--- Information provided ---

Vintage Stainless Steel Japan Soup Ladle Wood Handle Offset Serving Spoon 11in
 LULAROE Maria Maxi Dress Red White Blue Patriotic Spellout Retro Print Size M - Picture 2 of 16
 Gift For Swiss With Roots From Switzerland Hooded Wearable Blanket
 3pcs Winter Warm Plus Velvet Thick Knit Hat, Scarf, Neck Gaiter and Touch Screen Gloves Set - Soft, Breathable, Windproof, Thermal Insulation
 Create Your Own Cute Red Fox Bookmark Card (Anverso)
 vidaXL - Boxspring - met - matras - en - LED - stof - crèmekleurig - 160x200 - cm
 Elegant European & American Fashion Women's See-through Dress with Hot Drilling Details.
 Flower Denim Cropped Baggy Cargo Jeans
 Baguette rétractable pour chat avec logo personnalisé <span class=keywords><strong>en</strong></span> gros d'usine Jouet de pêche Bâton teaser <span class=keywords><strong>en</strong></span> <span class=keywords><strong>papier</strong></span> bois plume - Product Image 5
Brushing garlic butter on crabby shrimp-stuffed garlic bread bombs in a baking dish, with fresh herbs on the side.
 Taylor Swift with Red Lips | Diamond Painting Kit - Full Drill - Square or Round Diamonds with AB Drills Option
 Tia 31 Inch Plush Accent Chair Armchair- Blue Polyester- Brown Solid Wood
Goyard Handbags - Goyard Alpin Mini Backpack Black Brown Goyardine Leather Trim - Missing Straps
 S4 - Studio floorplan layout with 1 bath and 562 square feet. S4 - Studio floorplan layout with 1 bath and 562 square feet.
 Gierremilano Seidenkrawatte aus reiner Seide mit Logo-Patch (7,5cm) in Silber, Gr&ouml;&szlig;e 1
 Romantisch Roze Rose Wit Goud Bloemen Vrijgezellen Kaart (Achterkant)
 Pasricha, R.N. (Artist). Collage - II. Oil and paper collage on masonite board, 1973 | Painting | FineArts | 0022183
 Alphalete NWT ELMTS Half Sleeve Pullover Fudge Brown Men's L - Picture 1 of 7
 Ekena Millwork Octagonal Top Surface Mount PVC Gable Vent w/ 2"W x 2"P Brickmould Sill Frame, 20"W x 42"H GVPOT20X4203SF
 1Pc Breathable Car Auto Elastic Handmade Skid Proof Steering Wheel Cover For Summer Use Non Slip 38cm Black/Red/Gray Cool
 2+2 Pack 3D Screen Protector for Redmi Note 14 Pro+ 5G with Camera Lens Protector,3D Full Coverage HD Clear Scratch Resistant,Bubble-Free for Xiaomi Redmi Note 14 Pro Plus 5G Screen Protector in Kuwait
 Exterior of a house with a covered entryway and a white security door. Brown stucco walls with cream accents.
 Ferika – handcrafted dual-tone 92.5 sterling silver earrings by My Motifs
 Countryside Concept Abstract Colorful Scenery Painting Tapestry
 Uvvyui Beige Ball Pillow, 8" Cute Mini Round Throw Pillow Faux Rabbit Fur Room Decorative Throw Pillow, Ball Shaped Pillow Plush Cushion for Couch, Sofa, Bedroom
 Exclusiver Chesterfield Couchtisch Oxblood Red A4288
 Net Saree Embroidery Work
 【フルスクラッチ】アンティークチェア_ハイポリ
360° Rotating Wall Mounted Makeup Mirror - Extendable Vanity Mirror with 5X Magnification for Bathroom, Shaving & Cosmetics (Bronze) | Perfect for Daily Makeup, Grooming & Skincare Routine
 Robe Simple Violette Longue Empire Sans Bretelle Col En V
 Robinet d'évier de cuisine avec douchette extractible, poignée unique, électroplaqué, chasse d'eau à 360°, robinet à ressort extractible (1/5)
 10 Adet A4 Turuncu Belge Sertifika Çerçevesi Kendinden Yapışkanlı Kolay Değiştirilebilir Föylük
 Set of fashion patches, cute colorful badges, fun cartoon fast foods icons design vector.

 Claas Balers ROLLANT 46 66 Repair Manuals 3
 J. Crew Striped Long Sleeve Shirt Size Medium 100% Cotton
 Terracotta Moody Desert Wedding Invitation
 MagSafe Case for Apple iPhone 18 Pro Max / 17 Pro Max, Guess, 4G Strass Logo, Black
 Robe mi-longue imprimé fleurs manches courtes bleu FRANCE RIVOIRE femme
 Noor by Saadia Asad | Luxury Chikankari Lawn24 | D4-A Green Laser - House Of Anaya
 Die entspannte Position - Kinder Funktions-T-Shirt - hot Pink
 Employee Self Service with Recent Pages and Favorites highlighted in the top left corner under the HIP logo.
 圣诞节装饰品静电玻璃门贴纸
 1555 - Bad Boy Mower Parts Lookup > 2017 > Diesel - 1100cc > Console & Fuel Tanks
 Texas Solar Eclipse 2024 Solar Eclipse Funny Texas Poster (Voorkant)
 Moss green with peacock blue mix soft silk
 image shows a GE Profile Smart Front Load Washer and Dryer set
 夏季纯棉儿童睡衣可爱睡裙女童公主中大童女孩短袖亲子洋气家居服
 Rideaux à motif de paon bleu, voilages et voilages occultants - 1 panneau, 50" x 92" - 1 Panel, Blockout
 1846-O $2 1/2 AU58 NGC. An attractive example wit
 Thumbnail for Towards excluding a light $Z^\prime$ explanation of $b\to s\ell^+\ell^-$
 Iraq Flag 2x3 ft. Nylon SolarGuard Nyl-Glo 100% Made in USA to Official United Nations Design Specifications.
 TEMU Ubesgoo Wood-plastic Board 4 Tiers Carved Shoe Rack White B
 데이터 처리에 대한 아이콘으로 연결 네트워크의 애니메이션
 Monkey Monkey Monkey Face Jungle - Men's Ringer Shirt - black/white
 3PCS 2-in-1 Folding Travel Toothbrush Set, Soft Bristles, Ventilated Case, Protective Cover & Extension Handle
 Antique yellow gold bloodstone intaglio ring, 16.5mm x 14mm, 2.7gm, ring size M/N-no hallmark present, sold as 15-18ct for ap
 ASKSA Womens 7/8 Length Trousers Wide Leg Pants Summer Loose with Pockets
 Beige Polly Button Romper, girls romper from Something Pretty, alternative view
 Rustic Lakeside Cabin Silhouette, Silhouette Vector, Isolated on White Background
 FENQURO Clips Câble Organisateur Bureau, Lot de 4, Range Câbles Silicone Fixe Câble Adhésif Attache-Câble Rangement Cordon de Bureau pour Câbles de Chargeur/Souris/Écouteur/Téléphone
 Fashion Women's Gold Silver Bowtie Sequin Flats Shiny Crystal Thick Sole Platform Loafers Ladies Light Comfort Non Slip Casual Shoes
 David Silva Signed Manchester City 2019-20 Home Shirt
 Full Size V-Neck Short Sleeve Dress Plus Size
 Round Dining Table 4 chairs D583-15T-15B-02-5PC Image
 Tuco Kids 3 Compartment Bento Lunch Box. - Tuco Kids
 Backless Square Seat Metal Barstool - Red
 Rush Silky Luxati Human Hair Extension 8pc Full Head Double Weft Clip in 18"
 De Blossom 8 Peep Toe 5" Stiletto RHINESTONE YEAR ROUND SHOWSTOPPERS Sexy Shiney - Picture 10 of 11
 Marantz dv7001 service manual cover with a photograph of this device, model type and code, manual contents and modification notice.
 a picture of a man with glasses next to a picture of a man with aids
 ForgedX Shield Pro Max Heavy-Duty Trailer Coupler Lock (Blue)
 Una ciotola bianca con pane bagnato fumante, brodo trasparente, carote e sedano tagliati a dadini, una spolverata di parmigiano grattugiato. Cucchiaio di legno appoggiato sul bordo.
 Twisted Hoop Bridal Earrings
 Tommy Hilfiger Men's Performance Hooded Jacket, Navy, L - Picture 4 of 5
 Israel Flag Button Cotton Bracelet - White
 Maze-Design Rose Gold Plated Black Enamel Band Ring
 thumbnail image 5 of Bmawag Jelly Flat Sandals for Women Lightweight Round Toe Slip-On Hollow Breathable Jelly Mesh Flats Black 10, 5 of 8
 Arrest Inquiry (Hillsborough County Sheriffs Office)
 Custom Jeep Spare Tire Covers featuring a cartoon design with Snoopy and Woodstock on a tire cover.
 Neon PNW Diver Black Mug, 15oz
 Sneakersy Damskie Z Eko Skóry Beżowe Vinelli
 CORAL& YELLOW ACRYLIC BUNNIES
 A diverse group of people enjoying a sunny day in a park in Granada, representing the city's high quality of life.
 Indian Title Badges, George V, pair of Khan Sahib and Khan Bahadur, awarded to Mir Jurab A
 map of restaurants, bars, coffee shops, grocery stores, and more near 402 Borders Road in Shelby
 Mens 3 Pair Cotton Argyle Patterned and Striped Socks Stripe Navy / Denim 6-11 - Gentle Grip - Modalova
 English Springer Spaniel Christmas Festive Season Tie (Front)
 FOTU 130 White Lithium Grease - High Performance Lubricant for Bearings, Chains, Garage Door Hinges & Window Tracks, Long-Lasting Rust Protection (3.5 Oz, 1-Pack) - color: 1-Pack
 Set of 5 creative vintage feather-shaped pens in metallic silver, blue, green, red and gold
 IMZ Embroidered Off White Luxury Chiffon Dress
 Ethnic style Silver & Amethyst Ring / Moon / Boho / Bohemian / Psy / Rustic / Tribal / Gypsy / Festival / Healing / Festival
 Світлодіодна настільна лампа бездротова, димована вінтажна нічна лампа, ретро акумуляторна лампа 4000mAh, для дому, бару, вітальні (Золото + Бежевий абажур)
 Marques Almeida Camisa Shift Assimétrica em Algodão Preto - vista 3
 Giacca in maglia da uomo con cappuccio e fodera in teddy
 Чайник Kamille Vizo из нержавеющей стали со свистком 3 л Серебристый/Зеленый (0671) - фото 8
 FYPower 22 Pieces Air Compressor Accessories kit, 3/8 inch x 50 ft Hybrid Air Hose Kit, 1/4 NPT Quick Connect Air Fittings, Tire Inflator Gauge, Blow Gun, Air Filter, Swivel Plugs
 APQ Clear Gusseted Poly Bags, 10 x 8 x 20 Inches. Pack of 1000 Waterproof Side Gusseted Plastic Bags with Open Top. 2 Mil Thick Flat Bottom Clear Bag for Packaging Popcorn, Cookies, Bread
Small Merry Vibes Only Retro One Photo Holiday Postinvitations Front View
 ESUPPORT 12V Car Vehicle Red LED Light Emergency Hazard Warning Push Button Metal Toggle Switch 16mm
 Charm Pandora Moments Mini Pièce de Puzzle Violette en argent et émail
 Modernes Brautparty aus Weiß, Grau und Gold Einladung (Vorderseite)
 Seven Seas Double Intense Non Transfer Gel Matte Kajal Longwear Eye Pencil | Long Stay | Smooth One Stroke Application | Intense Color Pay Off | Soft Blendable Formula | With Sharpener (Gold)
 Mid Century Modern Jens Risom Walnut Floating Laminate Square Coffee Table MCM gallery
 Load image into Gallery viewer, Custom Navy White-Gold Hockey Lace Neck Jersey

--- Work item ---
Keep only the lines of the listing that contain the word "Load", and copy them.

--- Written answer ---
 image shows a GE Profile Smart Front Load Washer and Dryer set
 Load image into Gallery viewer, Custom Navy White-Gold Hockey Lace Neck Jersey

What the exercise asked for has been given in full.